Today's media links from Canada and beyond: Ottawa Citizen columnist David Warren's final column, less is more in sportscasting, CBC to pay more than $19,000 in unauthorized usage of photos, new book on journos around the globe. And today's read: Pew report says YouTube has become a major news platform. 

 

In Canadian media:

David Warren on two leaves — the BBC’s from Bush House and his from the Citizen

David Warren’s final column appeared in the final Sunday edition of The Ottawa Citizen yesterday. The self-declared “right-wing hack” used his last inches of newsprint to touch on the transformation of the BBC over the years as the news service moved out of Bush House last week.

Sports columnist says less is more when it comes to sportscasting

The Montreal Gazette’s Mike Boone says that solo sportscasting, which was the choice for FIFA during the Euro 2012 tournament, enhanced the game rather than left it lacking. TSN used the FIFA feed to broadcast the soccer tournament, and Boone says the absence of two or more commentators who would usually provide analysis and “colour” didn’t take away from the game but perhaps made it better as viewers could absorb the game on their own.
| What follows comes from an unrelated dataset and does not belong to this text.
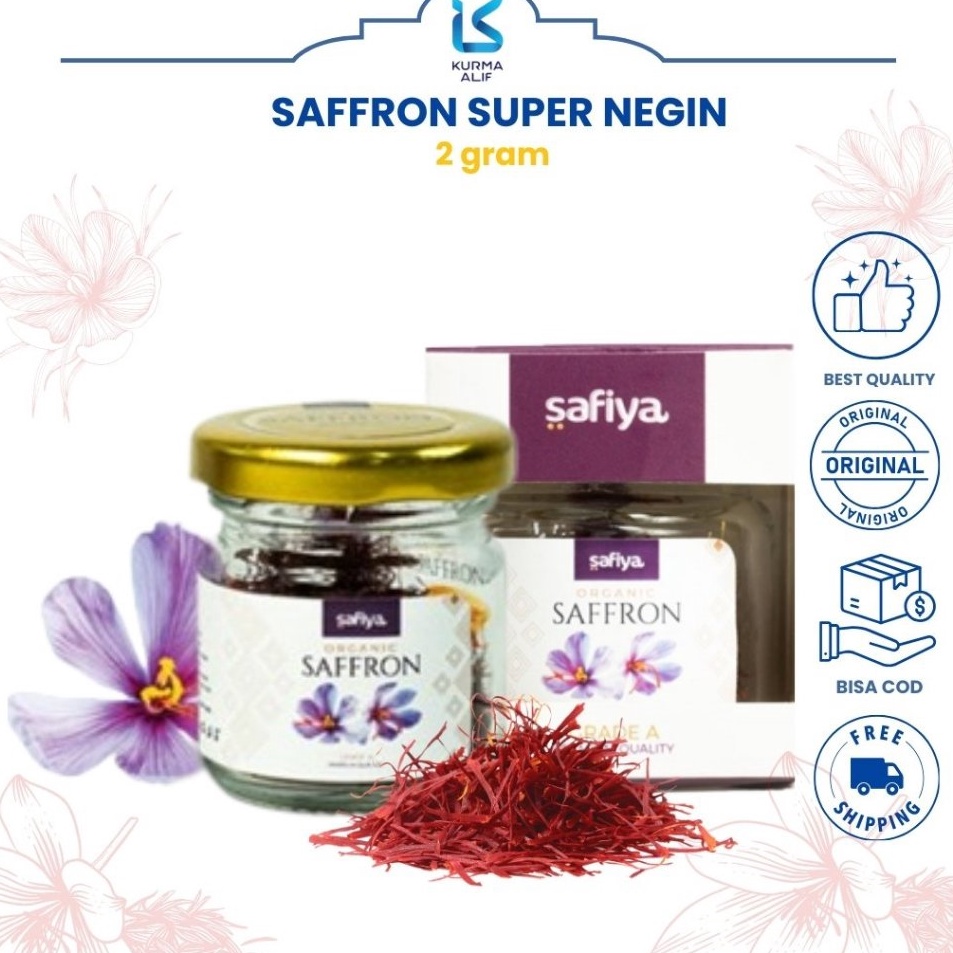 

Stock baru Saffron Safron Super Negin 2 Gr Premium Vitamin Original Safiya Food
CBC to pay photojournalist over the unauthorized use of photos of 9/11

When CBC used an American photojournalist’s photos of the terrorist attack on the World Trade Centre in a documentary, it didn’t have proper authorization. Now, the Federal Court of Canada has ordered the CBC to pay the photojournalist more than $19,000, only a fraction of the journalist’s $21.5 million copyright infringement claim.

 

In international media:

Telling book on a day in the life of journos from around the world

Ever wonder what a journalist across the world is experiencing on a regular day? A new book called 24 hours in journalism aims to have the answer. The book, written by newspaper and former magazine editor John Dale, is based on diaries kept by journalists from around the globe about their activities on February 8.

 

Today’s read:

YouTube has become a major new platform: Pew report

The viewing of huge news events like the Japanese tsunami, Middle East turmoil and the death of Osama bin Laden was watched by tens of millions of people worldwide — on YouTube, The Pew Research Center’s Project for Excellence in Journalism found. The website has become a major source of news, giving viewers a “new kind of visual journalism.